Terminados los Estados Generales, se retiró a su tierra, donde fue acosado y perseguido, llegando a sobrevivir a un intento de asesinato. Se refugió más tarde en Tolouse, donde fue detenido en tiempos del Terror, librándose de la guillotina por la habilidad de un amigo, que cambió su nombre en el expediente, poniendo Martin d’Auch de forma que el magistrado encargado pensó que se trataba de un simple ciudadano de la localidad de Auch y lo dejó en libertad. Volvió a su casa y allí murió en 1801 rodeado de su familia.
Ilustraciones:
001.- Detalle de la firma de Martin-Dauch en el pliego del juramento. La firma es ilegible por lo entrecortado del trazo, señal del apresuramiento con la que tuvo que firmar.
002.- El Juramento rechazado por Joseph Martin-Dauch
003.- El Juramento de la Pelota, de Jacques-Louis David. En el extremo derecho, sentado en una silla, encogido de brazos, tocándose los hombros con las palmas, Joseph Martin-Dauch. El cuadro le fue encargado al autor por la Sociedad de Amigos de la Constitución, si bien David no llegó a finalizar la obra, que continuó un discípulo suyo siguiendo su boceto.

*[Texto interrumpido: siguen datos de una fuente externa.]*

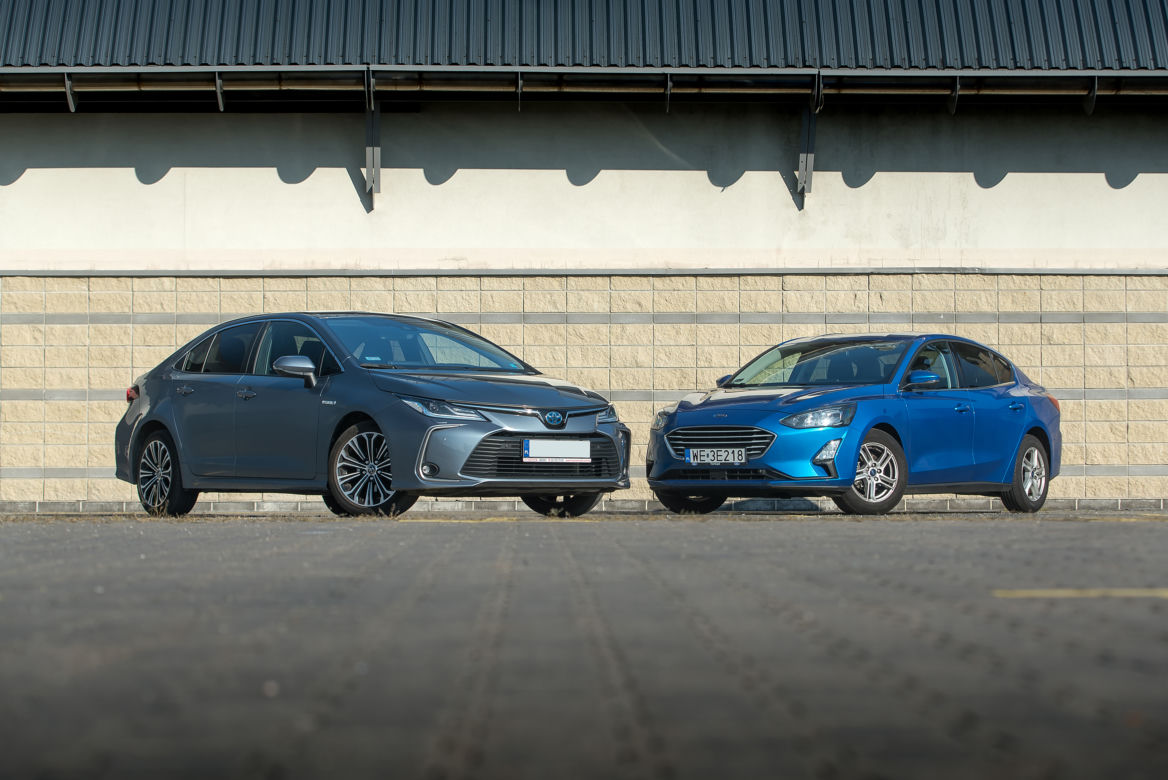 Ford Focus Sedan & Toyota Corolla Sedan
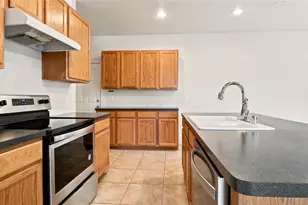 817 Jamie Dr, Grand Prairie, TX 75052 - Photo 9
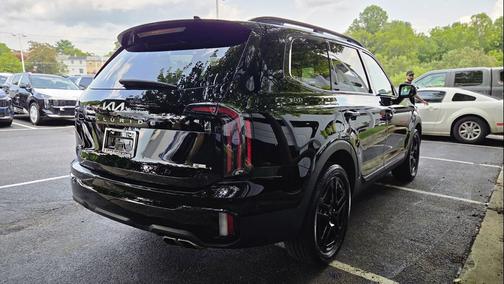 Ebony Black 2024 Kia Telluride SX Prestige X-Line
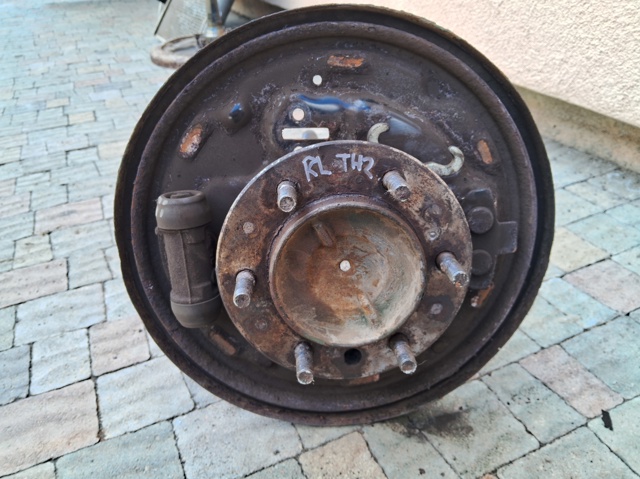 Полуось задняя 4231135320 TOYOTA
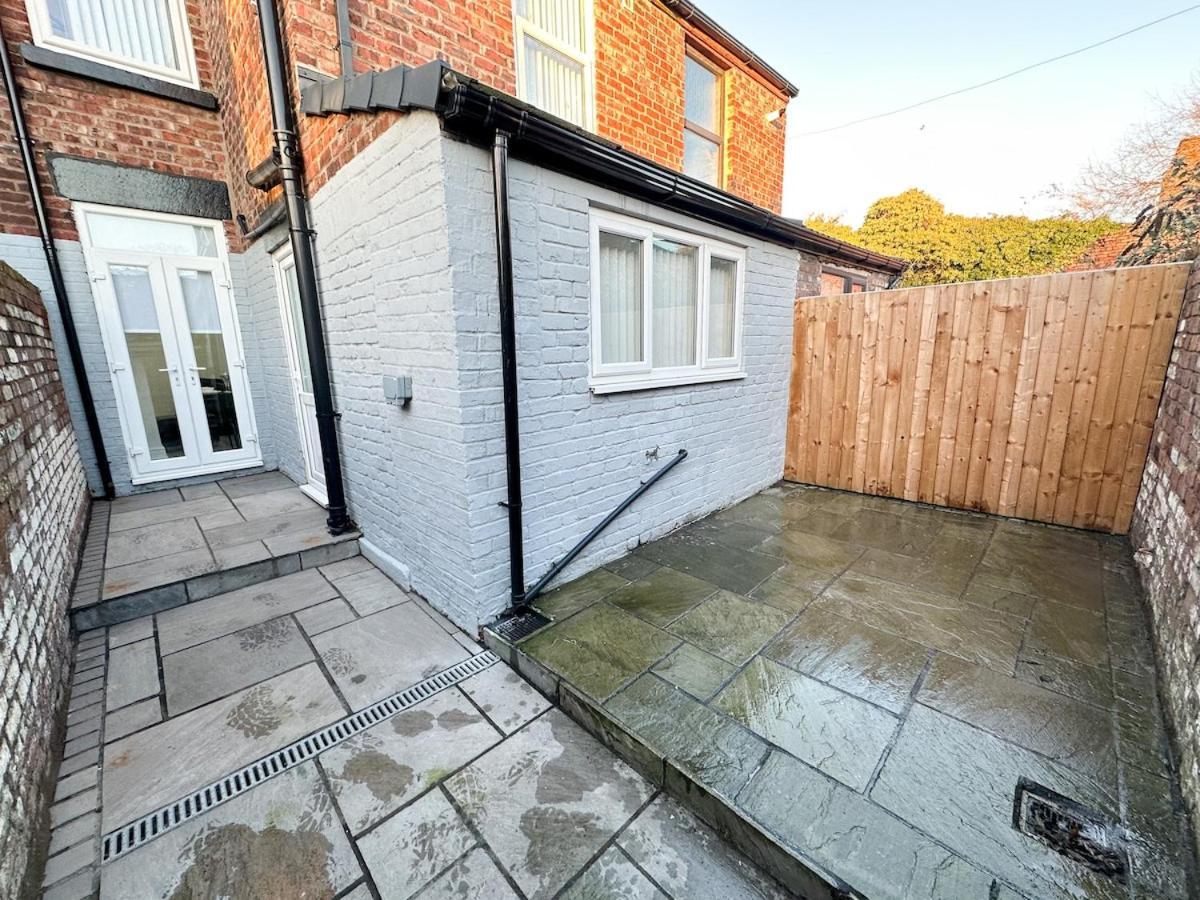 Contractors Dream, 4 Bedroom 2 Bathroom Liverpool Exterior foto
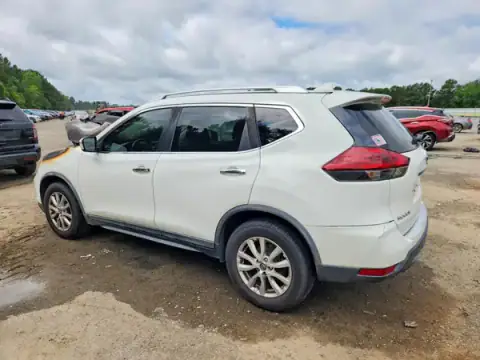KNMAT2MT6LP525555 — 2020 Nissan Rogue, zdjęcie 2 z Copart 01.10.2026, Pożar silnika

Y no la terminó por temor a las represalias en tanto en cuanto alguno de los principales protagonistas del Juramento, y que por tanto debían aparecer retratados, fueron poco después devorados por la revolución, que les consideró traidores.
004.- Detalle de Joseph Martin-Dauch en un grabado inspirado en la obra de Louis David.